Of course, researchers in every field are keenly disappointed when they don’t get funding. But Herbert Emery, an economic historian at the University of Calgary, says this issue is one that the larger academy, and the general public, should care about. If we are unable to analyze data that reaches back generations, he says, then Canada will lose crucial information to answer today’s big questions. For example, if we hear that young people with university degrees are not advancing in their jobs as they did in the past, is that true, and if so, why? Is it the economy, the digital age, or the fact that so many more people now have degrees than in their parents’ era? “Those kind of questions [are ones] we can’t answer without the historical perspective,” says Dr. Emery.

Chad Gaffield, history professor at the University of Ottawa, is in a unique position to place the issue in a larger context. As president of the Social Sciences and Humanities Research Council for eight years until August 2014, he is also principal investigator for the Canadian Century Research Infrastructure (CCRI) project. Funded by the Canada Foundation for Innovation and many other partners, this $15-million project spanned several institutions and disciplines to develop a set of interrelated databases from the five Canadian censuses between 1911 and 1951. These, in turn, are being linked to databases from 1871 to 1901, and eventually will be connected with those from 1971 to 2001. (Unfortunately, future projects may not include the 1961 census data, which cannot be recovered from the computer tapes used at the time.)

The result of all this linked data is a new foundation for the study of social, economic, cultural and political change – an infrastructure not of roads or particle accelerators but of data. Researchers from many fields are now analyzing these data to study Canada’s transformations as it moved from being a marginal, small society to one of the most successful societies in the world.

Understanding long-term change is fundamental to our future, says Dr. Gaffield. “We have made a huge investment in understanding colliding particles. We need to take seriously the challenge of human thought and behavior – colliding people.”

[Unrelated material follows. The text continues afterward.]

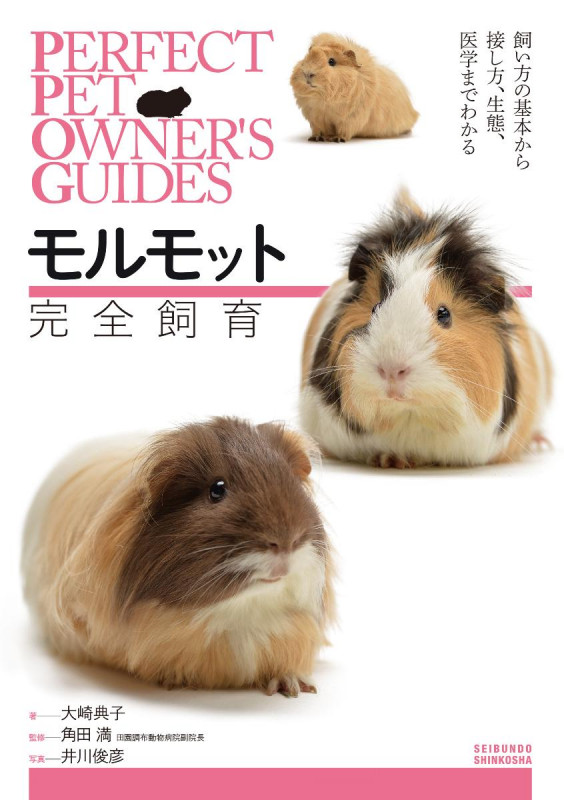 モルモット完全飼育 飼い方の基本から接し方、生態、医学までわかるの詳細を見る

Dr. Gaffield says that scholars using new techniques like longitudinal data analysis should learn to think big and to truly cooperate. “The education system individualizes us,” he says. “It never teaches us to collaborate, or especially to work across those using different vocabularies, and different ways of thinking.” He would like to see more coaching, support and graduate programs to help people come forward with a larger number of truly compelling proposals.

Dr. Emery suggests a return to sweat equity. Before data came in such torrents, professors and their graduate students did the work of entering it all into a computer. Once that became unwieldy, “we started to demand that someone else do the work. And once we started doing that … we were no longer making our own personal investments in it. I’ll be criticized for suggesting people should have to do this but I think that’s one solution to get it moving.”

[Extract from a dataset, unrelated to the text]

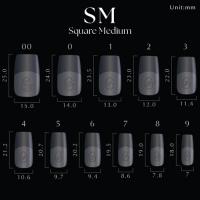 KOKOIST ジェリップ SM スクエアミディアム #4 25P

Dr. Gaffield remains an evangelist for this field. “For the past two centuries, we have believed that science and technology would solve all our problems with silver-bullet solutions: just the right widget, or labor saving device, or a pill that would solve all your health problems. As appealing as these promises were, they just weren’t true.

“Now I think we recognize that building a better world has to start with culture, has to start with decisions people make, how we think, how we imagine ourselves in the world, and the only way we’re going to get there is how we do justice to the complexity of human beings.”